Ta książka to moje drugie podejście do twórczości Musso. Po pierwszej lekturze miałam mieszane uczucia, ale postanowiłam spróbować. Jego książki są lekkie i przyjemne. Akcja jest dynamiczna, bez zbędnych opisów, przez co czyta się bardzo szybko. Dlaczego więc miałam mieszane uczucia? Bo w książkach pojawiają się różne siły nadprzyrodzone co mnie nie do końca przekonuje. Fabuła tej książki przypomina mi akcje prosto z filmu familijnego emitowanego w niedzielne popołudnie.

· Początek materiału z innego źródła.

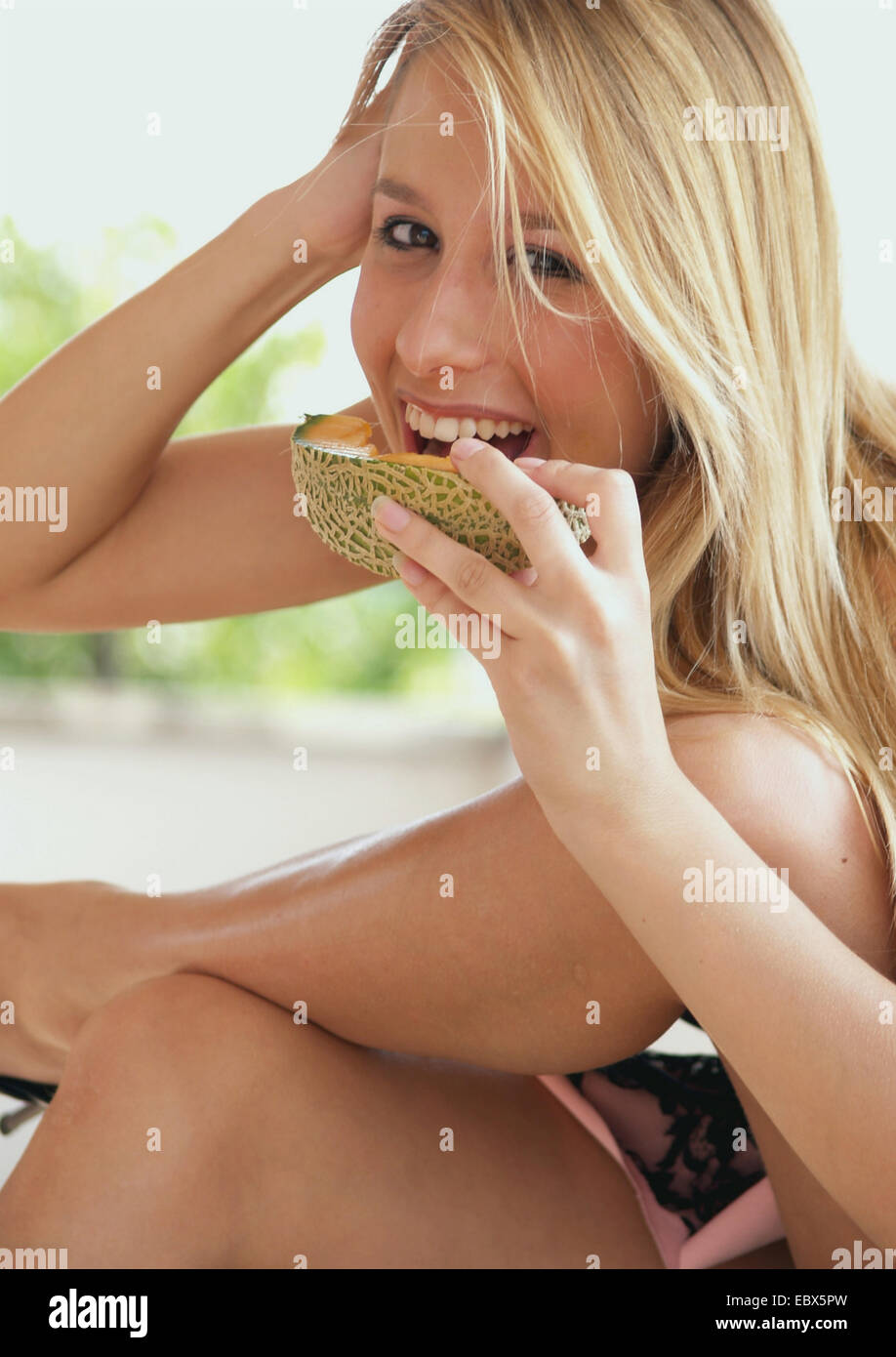 langhaarige blonde junge Frau in einem Sommer-Tuch und high Heels Essen eine Galia Melone mit einem Lächeln Stockfoto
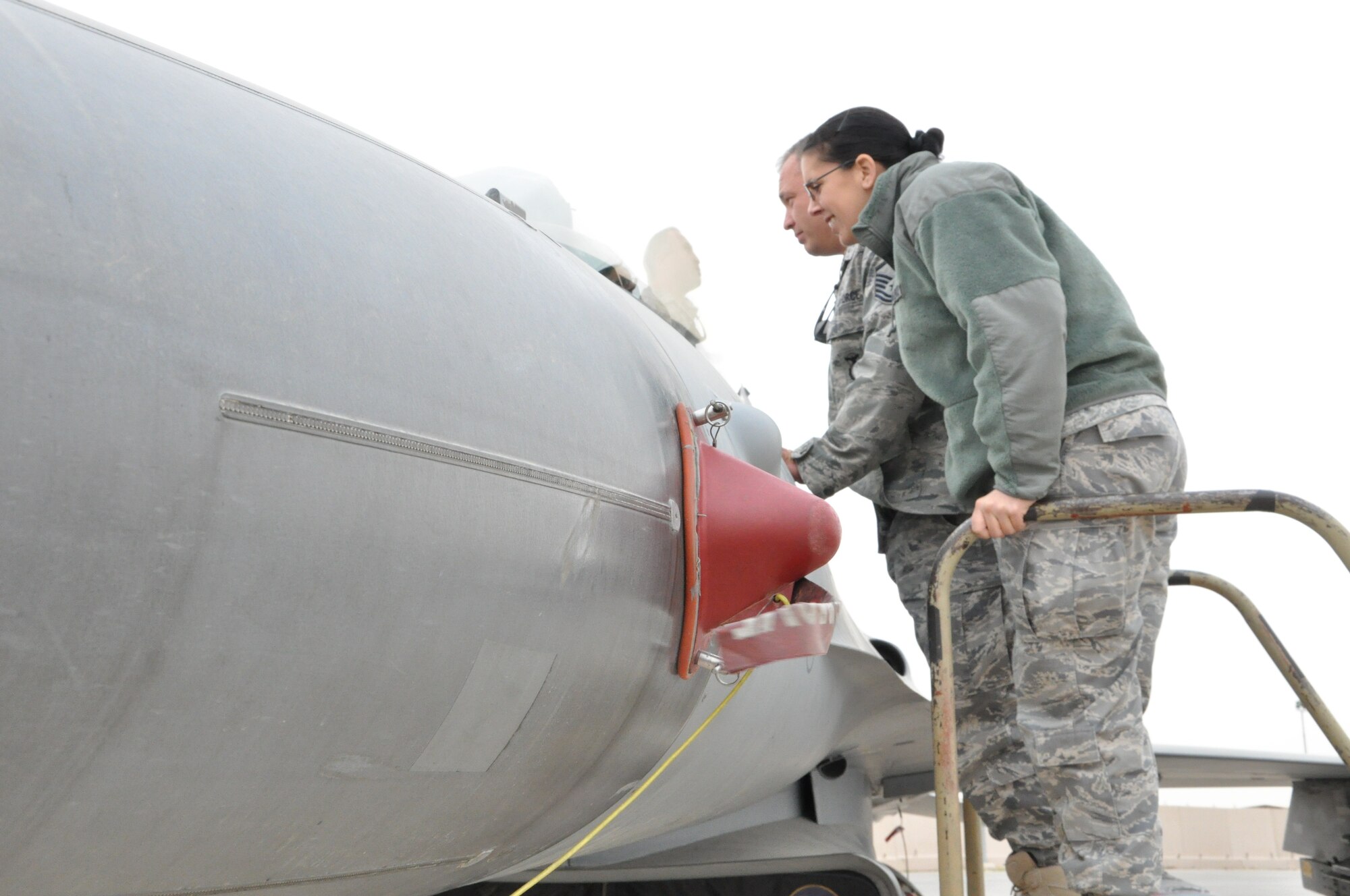 Master Sgt. Ralph Tomeo and Senior Airman Kindra Milligan, 332nd Air Expeditionary Wing staff agency members, peak inside the cockpit of an F-16 during a maintenance tour Jan. 31, 2012 at an undisclosed location in Southwest Asia. Milligan is deployed from Moody Air Force Base, Ga., and is a native of Oklahoma City. Tomeo is deployed from Joint Base McGuire Dix Lakehurst, N.J., and is a native of East Patchogue, N.Y. (photo by Senior Airman Melanie Holochwost)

Chodzi o to, że główni bohaterowie, którzy wiele już w życiu przeszli, spotykają się, czują że są dla siebie stworzeni, ale jeszcze wiele muszą przejść żeby być ze sobą. Wtedy zjawia się duch, który początkowo nie ma dobrych zamiarów, ale ostatecznie pomaga im wszystko ułożyć. Czyli historia dobrze wszystkim znana, ale całkiem przyjemna, tylko, że jak dla mnie od czasu do czasu.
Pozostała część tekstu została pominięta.